The Foreign Office is rejecting claims by an American news website that Pakistan secretly sold arms to Ukraine in return for US support in getting the recent IMF bailout approved. The Intercept had also made a softer version of the same claims earlier, in a report on the Imran Khan cypher saga that appeared to reproduce verbatim the claims made by the imprisoned PTI chief. This new report also ties to the PTI’s rubbished claims that the no-confidence vote had anything to do with Imran’s Russia policy or US interference.

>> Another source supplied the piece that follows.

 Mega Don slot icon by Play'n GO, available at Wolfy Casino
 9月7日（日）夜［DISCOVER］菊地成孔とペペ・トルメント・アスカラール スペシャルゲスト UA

It is also worth noting that even the ‘smoking gun’ in the report is that Pakistan may have legally sold weapons to a US-based and American-owned arms dealer. That dealer is among the Ukrainian military’s weapons suppliers, and it is feasible that they may have sold Pakistani weapons to Ukraine. This transaction would also be legal under US law, but may conflict with Pakistan’s neutrality policy on the war. But while this may qualify as an illegal secondary sale, it could easily be circumvented by rerouting supplies between different buyers — for example, by sending Pakistani ammunition to a country that Pakistan allows arms exports to, and sending other ammunition originally destined for that country to Ukraine. Another legal workaround comes at the state level, where countries may export their own ‘excess stocks’ without informing the original suppliers unless an explicit agreement is in place — such as the ones we have regarding F-16s.
All of the Pakistan watchers quoted in the report found it hard to believe that arms movement could be a precondition for the IMF deal, and Ukrainian officials have consistently denied receiving arms from Pakistan, with some actually noting how helpful it would be if this were not the case. Even the report contradicts its own claims by noting that the IMF issues public accounting of its reviews, which would be problematic, to say the least, if they had to detail a covert arms export operation in those documents.
Published in The Express Tribune, September 20th, 2023.